Documentos e itens apreendidos são perdidos após incêndios no Deic

Documentos e itens apreendidos são perdidos após incêndios no Deic

Materiais foram destruídos, mas, segundo o departamento, as investigações não foram prejudicadas. Os episódios, porém, acenderam o alerta de entidades de classe, que questionam as condições de trabalho dos servidores

Prédio que pegou fogo em três ocasiões no final de janeiro

Por
Marcel Horowitz

Apreensões e documentos da Polícia Civil foram destruídos por três incêndios em sequência que atingiram o Departamento Estadual de Investigações Criminais (Deic), no final de janeiro, em Porto Alegre.
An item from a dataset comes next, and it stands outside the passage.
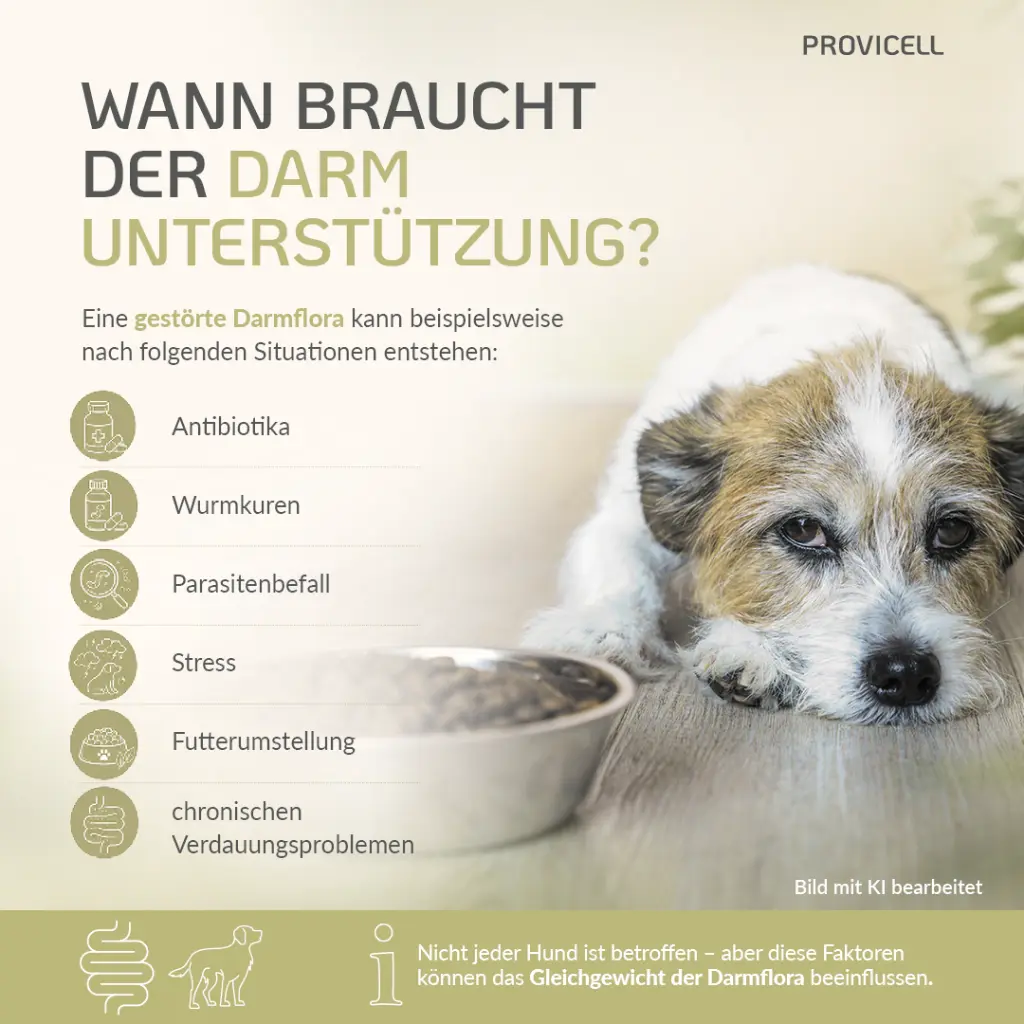 Wann braucht der Darm Unterstützung?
De acordo com a alta cúpula da instituição, mesmo com a perda dos materiais, as investigações e ofensivas do órgão não foram prejudicadas. Os episódios acenderam o alerta de entidades de classe, que questionam as condições de trabalho oferecidas aos servidores e cobram mais rigor na fiscalização em prédios da segurança pública.
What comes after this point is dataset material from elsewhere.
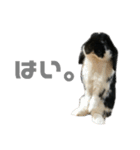 たれ耳うさぎ♡うにちゃん3（個別スタンプ：29）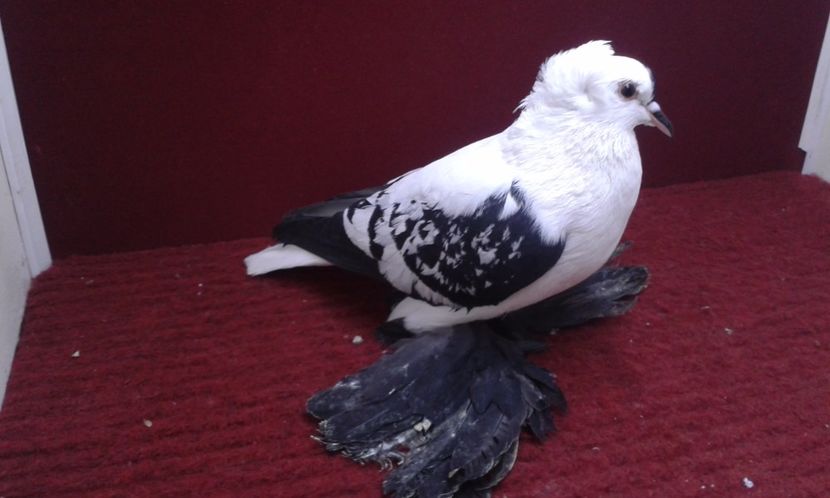 10. Mascul EE RO 16 2006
O primeiro incidente foi registrado no final da manhã de 24 de janeiro, no prédio F da antiga sede da Companhia Estadual de Energia Elétrica (CEEE), que fica na avenida Joaquim Porto Villanova, no bairro Jardim Carvalho. A estrutura reservava dois andares para abrigar os policiais do Deic, que teve a antiga sede destruída pelas chuvas e enchentes em maio do ano passado.

Naquela sexta-feira, por volta das 11h, teve início um incêndio no terceiro piso. A fumaça tomou conta do prédio e os agentes que estavam ali foram obrigados a abandonar o trabalho às pressas. Foi preciso convocar duas equipes de bombeiros, sendo os pelotões Passo D'Areia e Açorianos, para controlar as chamas. A operação somou dois caminhões Auto Bomba Tanque (ATB) e seis militares. Ninguém ficou ferido.

No mesmo edifício, foram registrados outros dois princípios de incêndio, também no terceiro andar do local. As ocorrências aconteceram ao longo do final de semana que sucedeu o primeiro incidente. Um caso foi no sábado e outro, domingo. Novamente se instaurou um corre-corre entre os agentes que estavam de serviço. Mais uma vez, não houve feridos.

As chamas, em todos os três casos, teriam começado em um cômodo que servia de depósito para o departamento. O fogo consumiu por completo alguns dos materiais apreendidos em operações, além de documentos e inquéritos. Os itens que não foram carbonizados perderam a utilidade uma vez que ficaram totalmente encharcados durante a ação dos bombeiros para controlar as chamas.

Caixas de plástico com armas ficaram queimadas nas chamas que atingiram o 3° andar da nova sede do DEIC | Foto: Marcelo Sousa / Ugeirm / CP

Segundo a diretora do Deic, delegada Vanessa Pitrez, o ocorrido não chegou a prejudicar os trabalhos no departamento. Ela reconhece que houve apreensões perdidas no fogo, mas diz que esses eram materiais fruto de apurações já concluídas. Em relação aos inquéritos, o argumento é que todos os conteúdos já estavam digitalizados, por isso, nenhum processo investigativo teria sido afetado.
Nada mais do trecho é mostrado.